Eso sí, sea usted nazi, anarquista, comunista, pro-etarra o lo que dé la gana y diga lo que quiera, pero asuma las responsabilidades por lo que ha dicho. Somos seres sociales, ninguno vivimos en una caverna y determinadas palabras o señas exteriores hacen que la mirada se fije en ti. Así como que salten algunas alarmas.

No puedes pretender ir diciendo “hay que apalear a negros, moros, sudacas y maricones” y que después todo sea “pelillos a la mar”. No solo que los que te rodean no te afeen la conducta y tengan que respetarte por cojones. Eso está por descontado: libertad para hablar, sí, claro, pero no andes exigiendo respeto si expresas ideas más propias de un criminal. Ni tampoco andes pidiendo que no se te vigile si por lo que expresas, aunque no cometas ningún acto delictivo, das todas las señales exteriores de ser un sedicioso o terrorista en potencia.

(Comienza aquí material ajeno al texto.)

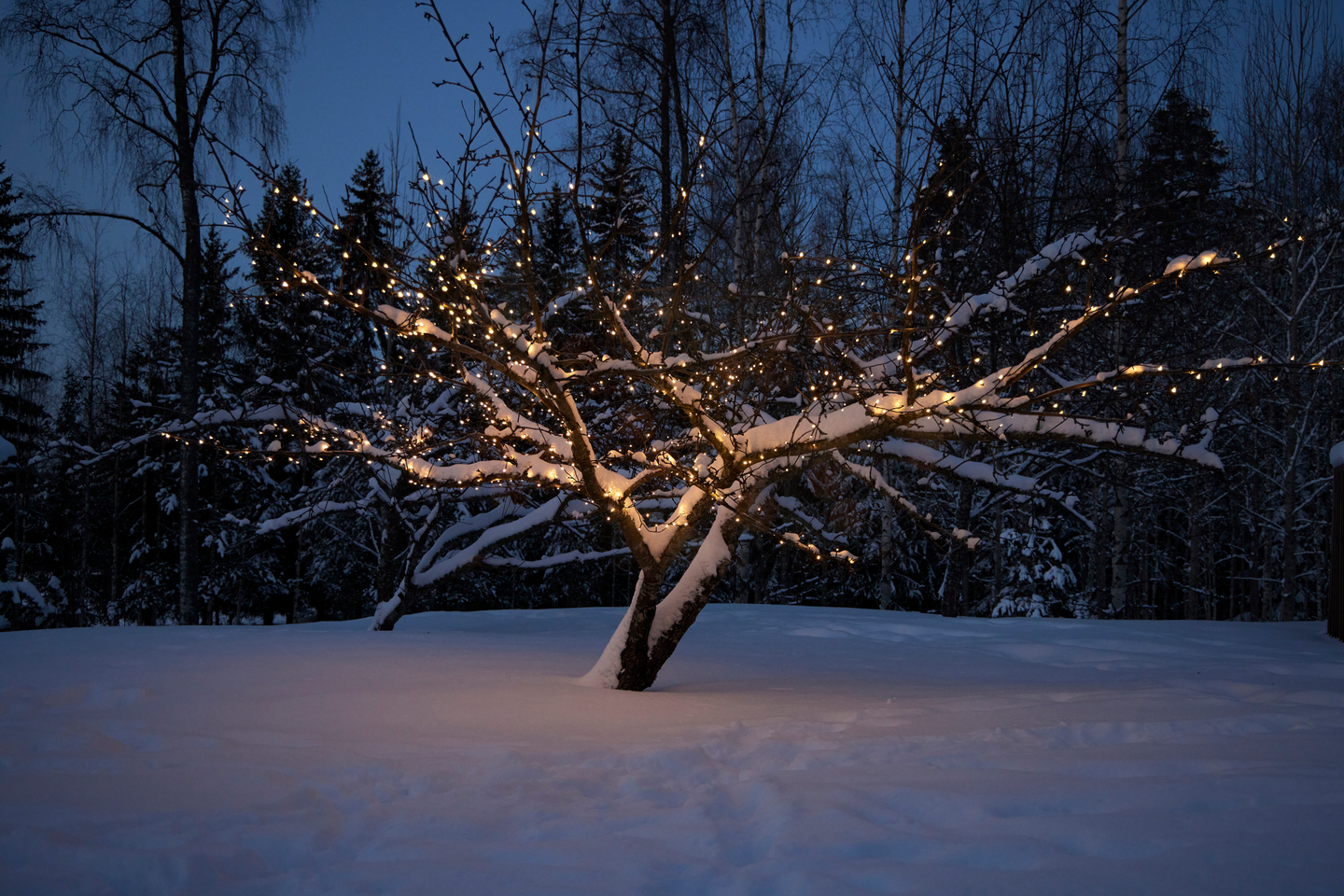 LJUSSLINGA CELLO IP44 540LED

Antes he hablado de expresiones con “relevancia y finalidad política”. Si, por supuesto. Recuerdo un día, hace ya varios años, en los Juzgados de Sevilla, en el que un “gracioso” vació uno de los extintores, colocados para caso de incendio, en el tercer piso, llenando todo el edificio de una gran polvareda y creando unos momentos de gran revuelo y desconcierto, pues mucha gente empezó a correr despavorida creyendo que había fuego. Bien, el gilipollas anónimo que vació el extintor, en caso de ser pillado, no podría haber alegado que se estaba “expresando” así. Tampoco estaría en el mismo caso un fulano que se hubiera descargado una película porno de internet y se pusiera a verla en su ordenador portatil en un autobús lleno de gente (otra cosa sería algo como la asquerosa “porno-campaña electoral” que hemos visto en Cataluña no hace mucho: sí pudiera aceptarse que la pornografía dirigida a exponer un mensaje político entrase dentro de la libertad de expresión). Ni el famoso ejemplo de la bromita del idiota que grita “¡fuego!” en un cine para provocar el pánico.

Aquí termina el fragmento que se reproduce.